Finally Realizing One Size Never Fits All
I originally designed my ticker plants to fit a specific client: the systems feeding the human traders. Eyeballs. There was no need to have everything up-to-date every millisecond - the human eye can't tell, and the systems don't update faster than a few times a second. It's just a waste. But what they do care about is that when they see the change, it's the latest data available. This means don't queue it up! You have to remember the order the ticks came in, but allow for updates to the data to replace the old with the new. This is commonly called conflation. It's a good thing for systems delivering data to humans.
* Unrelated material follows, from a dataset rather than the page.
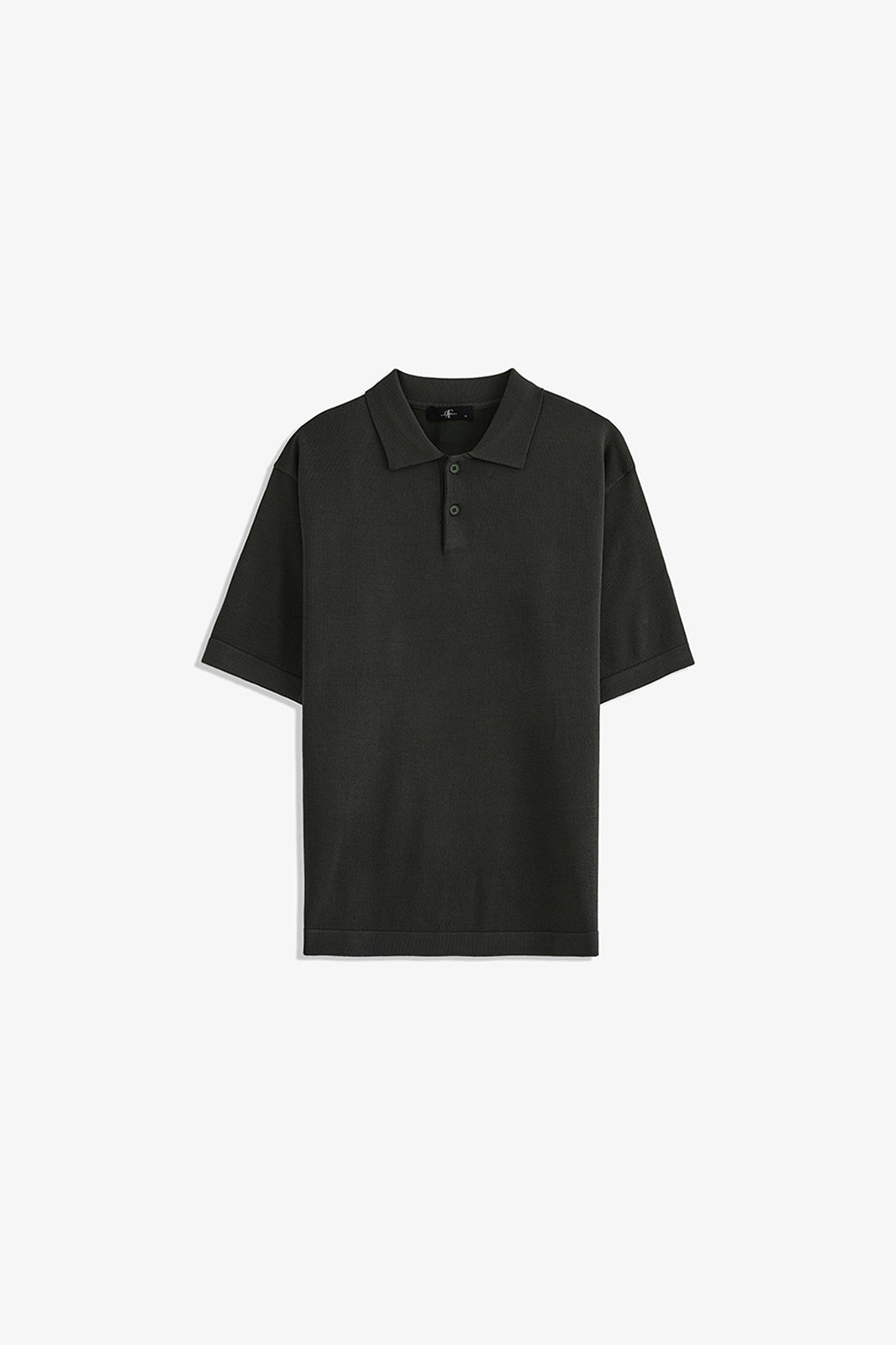 Button Placket Polo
But automated trading systems don't want this. They want every tick. They want it all as fast as possible. It's understandable - if you can make a machine able to see everything, then you have a much better chance of seeing opportunity and therefore making a profit. While I didn't design my ticker plants for these kinds of systems, several months ago, I was asked to make it work for these kinds of systems.
I've spent a lot of time trying to speed things up so that one system is capable of meeting the needs of both kinds of clients. It's been very difficult, and in a very real sense, what I've been doing is dumbing down my system to force the clients to handle every tick. If I could have done it, it would have been fantastic. But it really isn't possible. The compromises for one client are just too far from the compromises for the other.
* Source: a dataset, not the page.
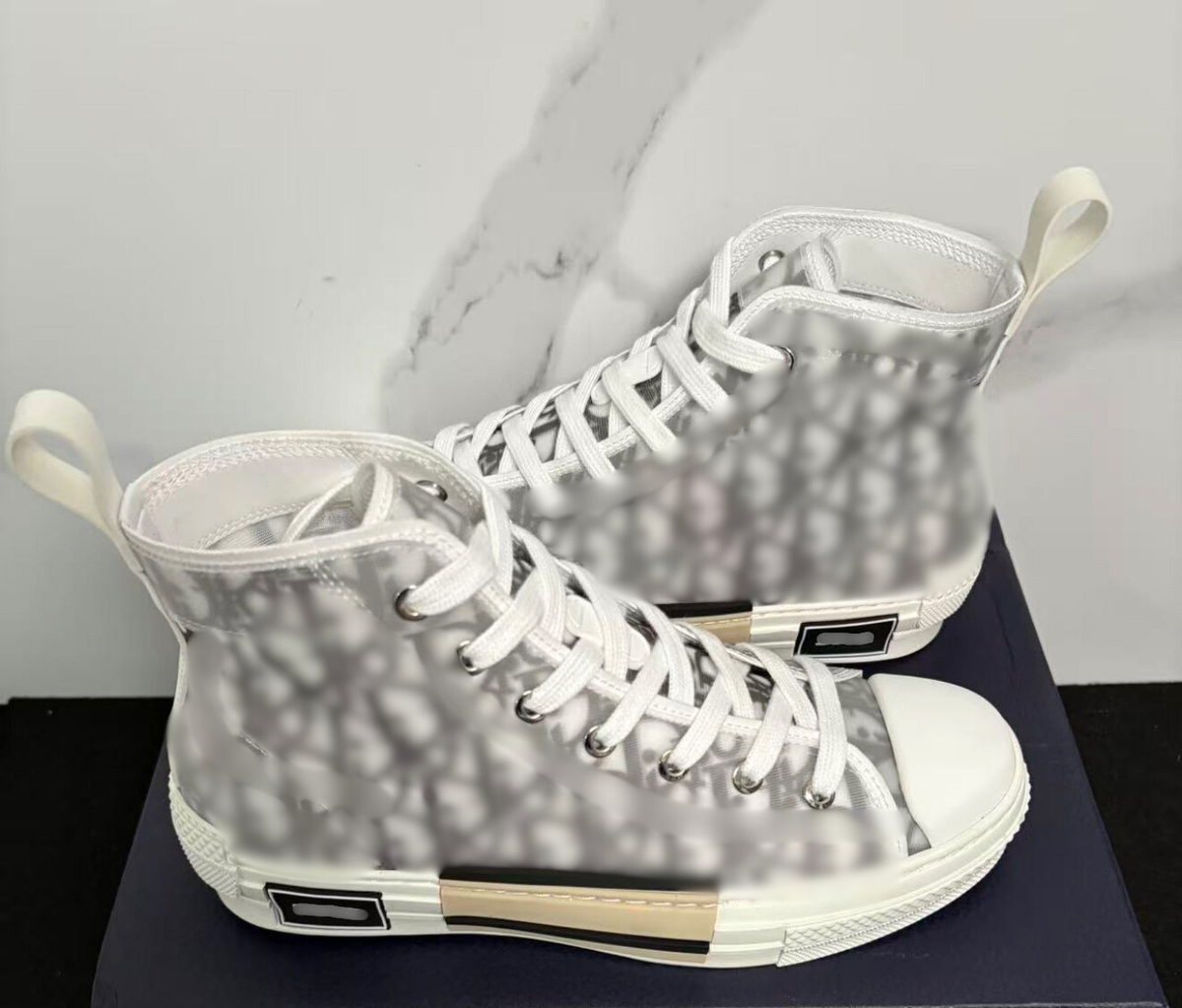 Di or High tops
So I finally had another little Ah! Ha! moment - Stop trying to make one size fit all. Elementary, but true, and an important understanding of really making something good for everyone.
If I made my ticker plants the way I started - for the 'slow' trading, and then had the 'fast' trading use an embedded ticker plant, then those that needed speed wouldn't even have to deal with a network hop. That's good. No serialization or deserialization. No worries about dropping packets from the server to the client. There are a lot of things that just "go away" when you decode and use the data in the same process.
I do this in my NBBO server - I have n exchange feeds all going into one NBBOEngine, and then sending it out to the clients. I don't take in the feed, process it, and then send it out - that'd take too long. I process the feed within the process space of the consuming application.
The resources to do this aren't horrible, two threads, less than a core and some memory. All this can be dealt with very easily by adding a box or two, if necessary. These boxes could be the "servers" you turned off because you no longer need them. In any case, it's a very solvable problem.
In the end, those that need conflation get it, and those that don't want it, get the data in-process as fast as possible. It's really the best of both worlds as it doesn't make compromises for one client or another.